Northern Alliance vows to march on Kabul next week
DUSHANBE, Nov. 12, Kyodo - Afghanistan's opposition Northern Alliance will complete its encirclement of the capital Kabul by the end of this week and begin advancing on the city next week, a spokesman for ousted Afghan President Burhanuddin Rabbani said Monday. Yunus Konuni made the comment in a telephone interview with Kyodo News.
The comment follows Northern Alliance Foreign Minister Abdullah Abdullah's statement Sunday that the anti-Taliban alliance now controls more than 50% of the country.

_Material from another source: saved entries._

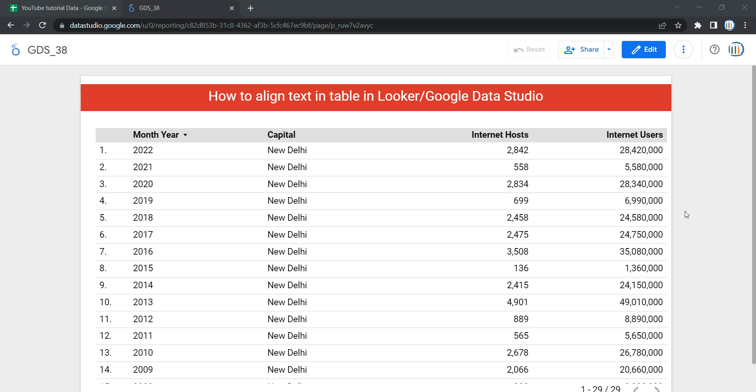Hey everyone, welcome to Data Millennials. I am Atul, and in this video we're going to see how we can align text in left, right, or center within a table. As you can see over here, we have a table.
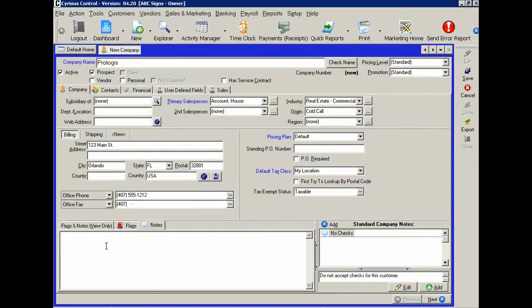Notes are key summary information that you might want to include. It might be about their preferences, it might be about other parts of your relationship with that particular customer.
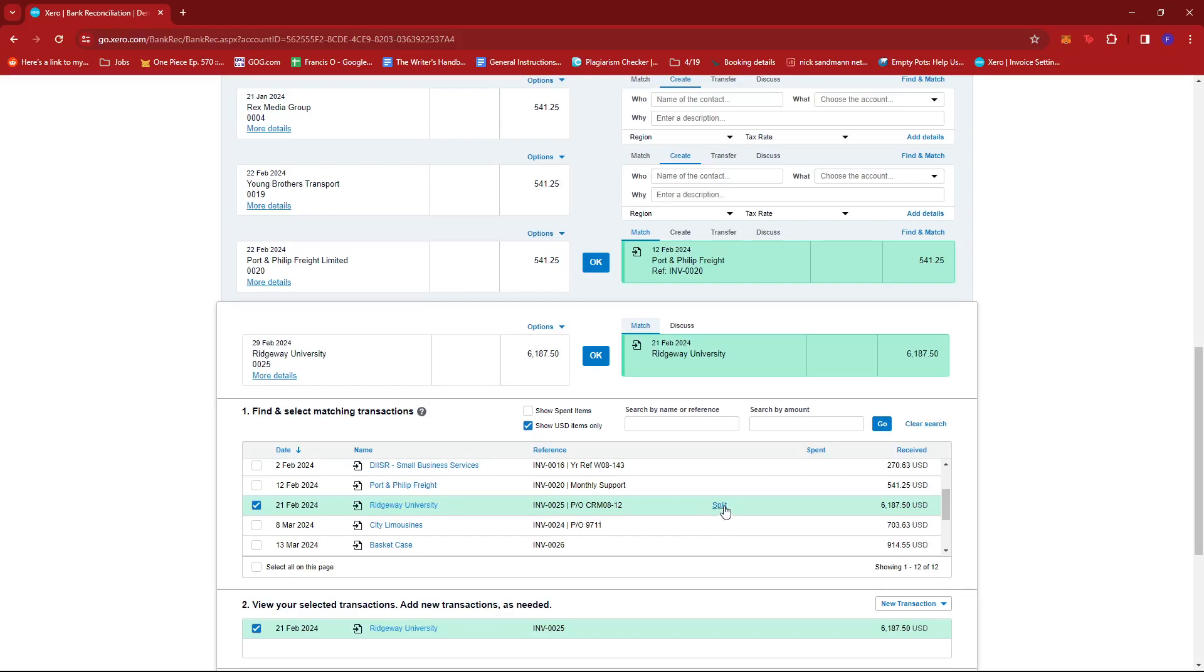So for example, if for any reason you need to split the amount into maybe a part payment or something, then you can just go ahead and click on this.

The alliance has made a series of dramatic advances since capturing the strategic northern town of Mazar-e-Sharif on Friday. Abdullah said the alliance has since captured the central city of Bamyan, Takhar Province, including its capital Taloqan, and Qala Nau, capital of northwestern Badghis Province.
In New York on Saturday, U.S. President George W. Bush and the Pakistani president, Gen. Pervez Musharraf, held talks and agreed not to support a Northern Alliance-controlled Kabul at a time when the framework for a post-Taliban Afghanistan has not yet been decided.
The alliance, largely composed of ethnic groups that dominate the northern half of the country, is feared by many in Kabul who remember atrocities committed there in the early 1990s by warring groups that now make up the alliance.
However, Northern Alliance officials have insisted there will be no repeat of the violent in-fighting if they take the city again.